### Source material:
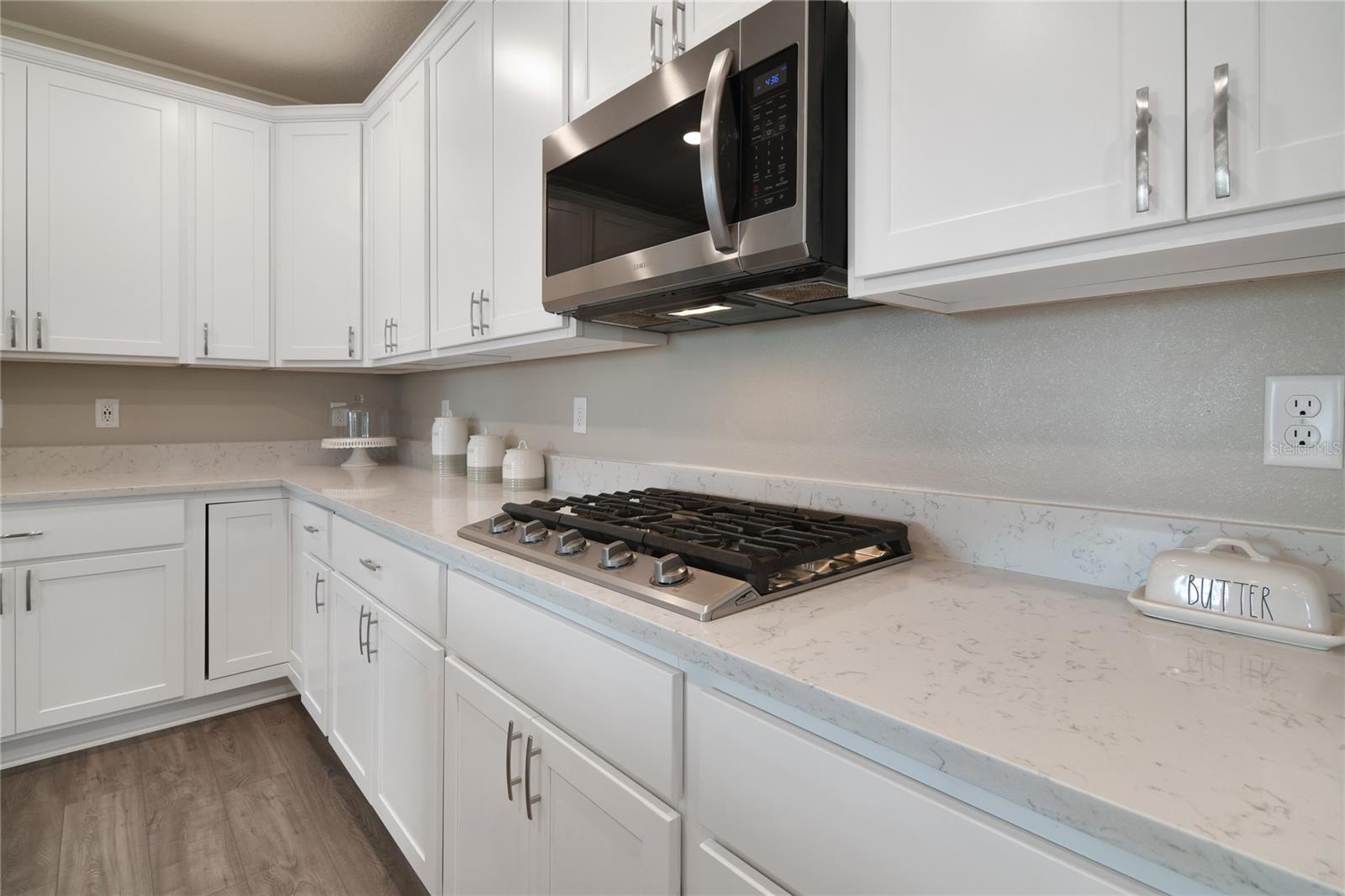 1644 OAK BLOSSOM DR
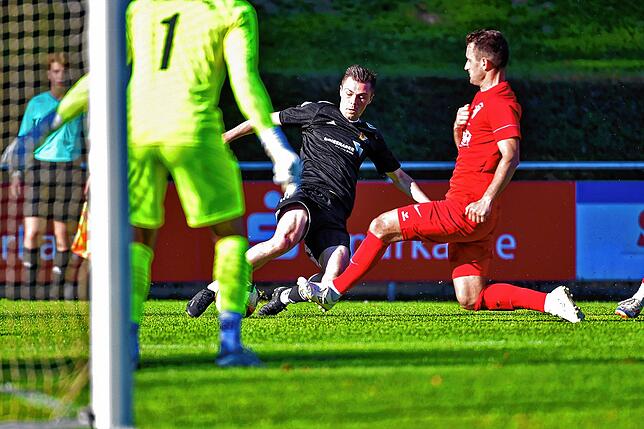 Zweites Saisontor knapp verpasst: Gegen den SV RW Ballrechten-Dottingen scheitert Sebastian Schmidt (Mitte) knapp am Pfosten.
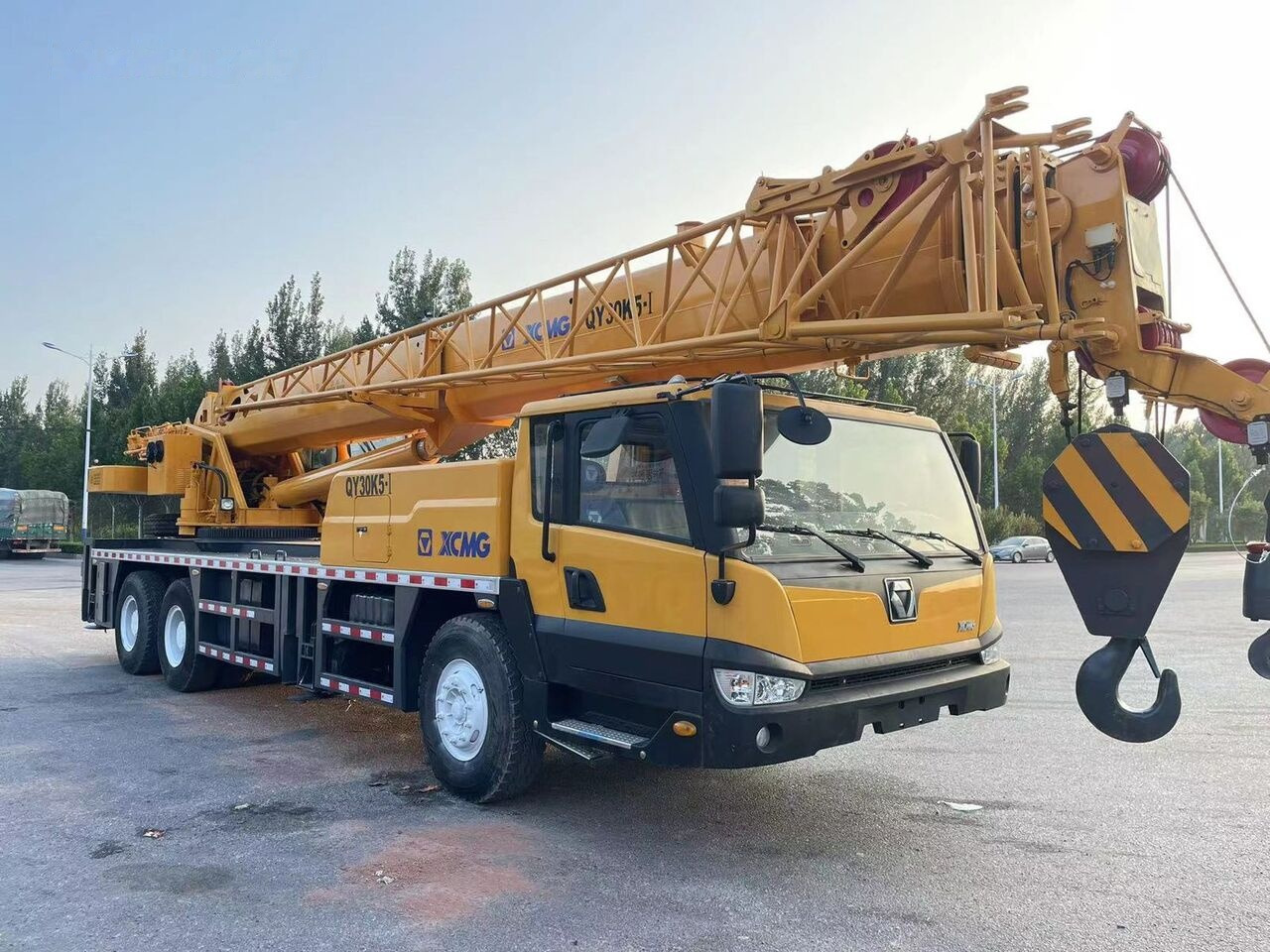 XCMG QY30K - Mobile crane: picture 2 XCMG QY30K - Mobile crane: picture 2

### Exercise prompt:
Output each line above exactly. Skip the images.

### Your response:
 1644 OAK BLOSSOM DR
 Zweites Saisontor knapp verpasst: Gegen den SV RW Ballrechten-Dottingen scheitert Sebastian Schmidt (Mitte) knapp am Pfosten.
 XCMG QY30K - Mobile crane: picture 2 XCMG QY30K - Mobile crane: picture 2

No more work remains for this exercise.